Oak-Park makes one that's neat but not the same as the Keller or PC 4212 or the PC Omnijig type, see link below.

http://ca.oak-park.com/catalogue.html?product=EZL0444
http://ca.oak-park.com/catalogue.html?product=EZL0445
http://us.oak-park.com/catalogue.html?list=RTS--

But you should have the Oak-Park system base plate to use it right, the key to dovetail Oak-Park jig is the brass setup Pin,you can drill your base plate but it needs to be on dead center (the right spot ).

They have a neat jig to cut in heart type dovetails, you can see what it looks like by looking at the Sept.06 Contest, or see link below ▼
Scotts post (Bailey's Bedroom Suit) He didn't say he used the Oak-Park jig but it's the only one I know about that will make that type of cut,plus the Hearts ,By the way Scott, real nice job .

http://www.routerforums.com/forum-c...om-oak-park-com-september-2006-contest-6.html

So to say if you don't have a Oak-Park router systems you would be best off to get a PC or the one I like , it's not cheap but it works.
http://www.rockler.com/product.cfm?...EGBGJGMCAGKGJGHDADADADBDB&filter=Dovetail jig
or the one below if you don't want to put that much money out for a dovetail jig.
http://www.rockler.com/product.cfm?...EGBGJGMCAGKGJGHDADADADBDB&filter=Dovetail jig
I also like the one below ▼ BUT it's at 6" max.
http://www.sommerfeldtools.com/products.asp?id=164

Just a NOTE*** Bob N. on the forum had one for sale about a week or two ago but I don't know if he sold it. (PC Type,4212 I think) but you may want to drop him a PM and ask him, could be the right time and the right place to get a great deal on one.

Hope this helps with the Dovetail jig ?

Bj


----------



## Joe Lyddon (Sep 11, 2004)

Will the DT jig let you cut Through DT's as well as Half Blind DT's??

They don't say in the description.


----------



## bobj3 (Jan 17, 2006)

Hi Joe
You lost me what's a DT 

Bj


----------



## bobj3 (Jan 17, 2006)

Hi Joe
Just got it, will the OAK-Park jig let you cut DoveTails
Half Blind and Through Dovetails = yes

Bj 
Just a bit slow today I guess


----------



## Bob N (Oct 12, 2004)

BJ,

Sorry, but the PC4212 is sold.
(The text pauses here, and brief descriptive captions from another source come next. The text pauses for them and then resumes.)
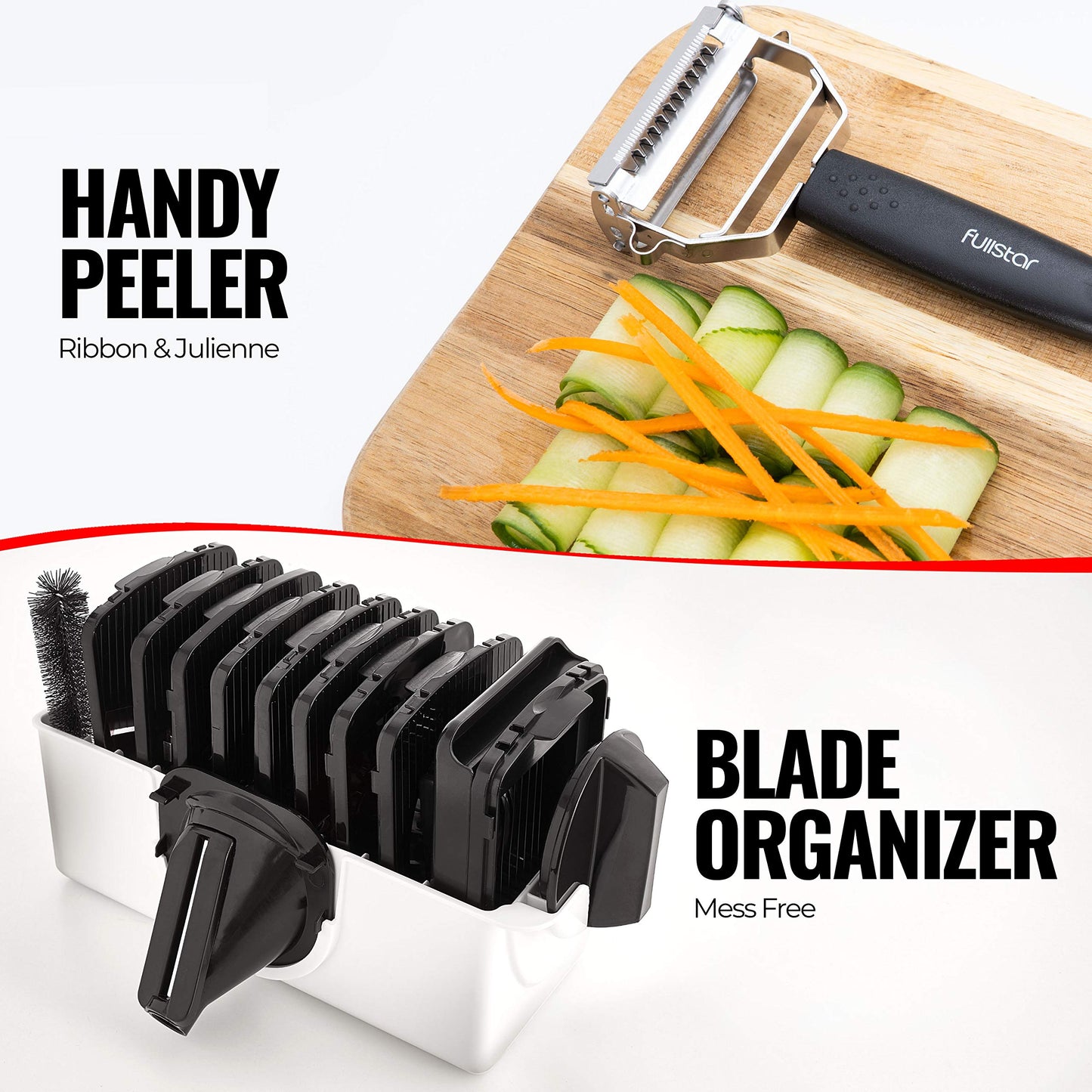 Fullstar Mandoline Slicer for Kitchen - Vegetable Slicer Spiralizer & Julienne Cutter for Veggie Cucumber Onion Potato Carrot - Cheese Grater - Kitchen Essentials Tools & Gadgets (PRO 11-in-1, White)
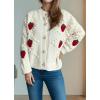 imagechouyatou Womens Fall Cute 3D Strawberry Cardigan Sweater Button Down Jacquard Knit Jacket CoatBeige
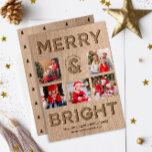 Vrolijk en helder rustiek foto Kerstmis Feestdagenkaart<br><div class="desc">Stralen vakantie juichen met onze Merry and Bright Rustic Photo Christmas Holiday Kaart. Elke letter heeft een charmante houtgegraveerde stijl (faux), waardoor het ontwerp nostalgische warmte krijgt. Deel uw dierbare gezinsmomenten met een casual collage van meerdere foto's, waarbij u de essentie van een 'jaar in de review' vastlegt. Deze gepersonaliseerde...</div>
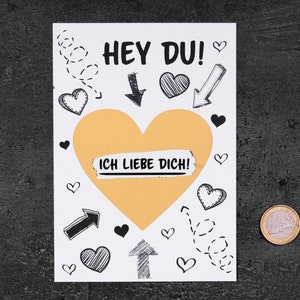 Rubbelkarte Ich liebe Dich - Geschenk Karte zum Valentinstag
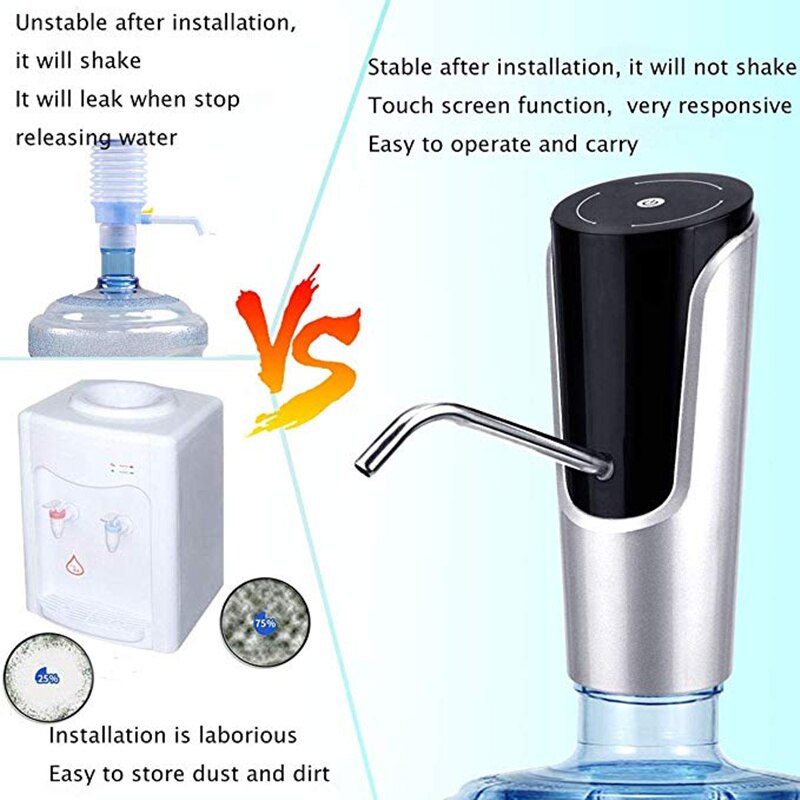 DailyWater Bottle Pump Portable USB Charging Wireless Electric Touch Screen Drinking Water Cooler Dispenser Gallon Bottle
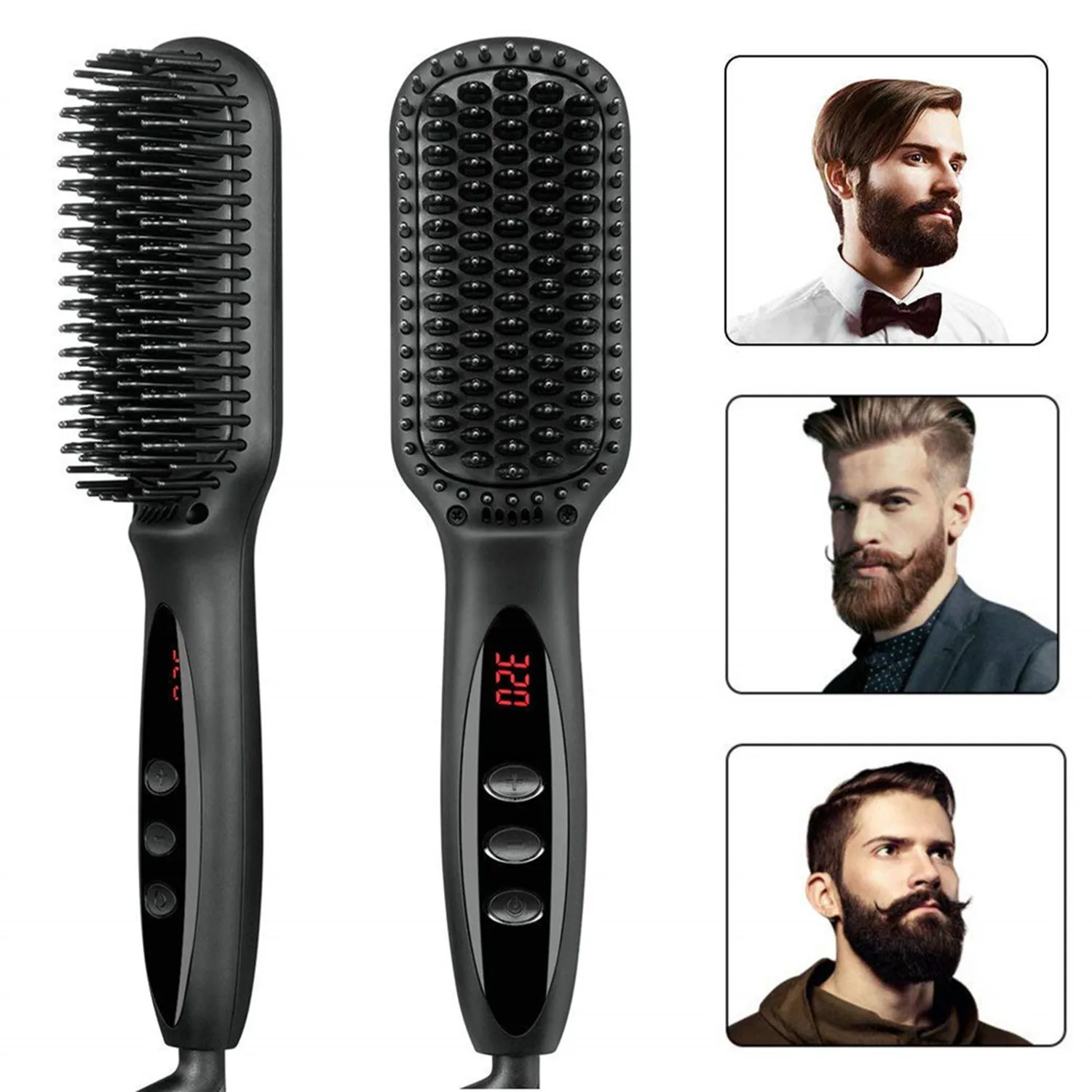 

Multifunctional Hair Straightener Comb Brush Beard Hair Straighten Straightening Comb Hair Curler Quick Hair Styler For Men Gift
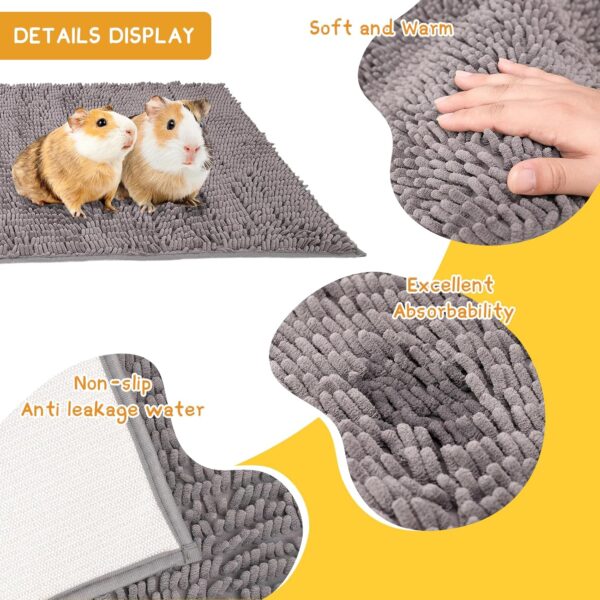 UNIFAMILY Fleece Guinea Pig Cage Liners, Washable Guinea Pig Bedding Pads, Super Absorbent, Waterproof, Reusable Pee Pad for Small Pet Cages (14" X 8.3") (Grey) - Image 3
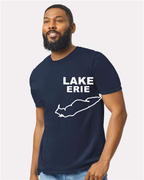 Lake Erie - Stacked Block T-Shirt, Navy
Went faster than popcorn at the movies :sold:


----------



## Mike (Nov 22, 2004)

Allison, for starting out I suggest you get the Oak Park box joint jig. It is simple to learn and use, it also makes a strong decorative joint. Dovetails take a bit more patience to learn and perfect. With the many choices today such as pocket hole joinery, floating tenon systems, Miller dowels or even standard dowels, I would wait on the dovetail jig until you have a few projects under your belt.


----------



## bobj3 (Jan 17, 2006)

Hi ACV

Have you made any saw dust yet with your GREAT router system ?
Did you say it was $1400.oo +,? did it come with router bits also ? 
if so what kind ? (brand name and type )
I know you said, you are going to make a router bit case, how many bits do you have.?
Just asking 

Bj


----------



## ACV (Sep 19, 2006)

Hi Bj,

Yep $1425.00 but I just bought a cheap set of bits at the tradeshow as I already had Whiteside bits ordered out of Saskatchewan (cheapest place I could find) which are on their way. I made sure to get the rabbeting set from Whiteside as well as the top 10 router bits from Fine Woodworking review.

I bought wood for the display cabinet out of plansnow.com.
http://www.workbenchplans.com/plansnow-cmp2005/cmp-plansnow-displaycab.pdf

Allison


----------



## challagan (Feb 7, 2006)

Glad you were able to sell it Bob! Nice set up... some one got a great deal!

corey


----------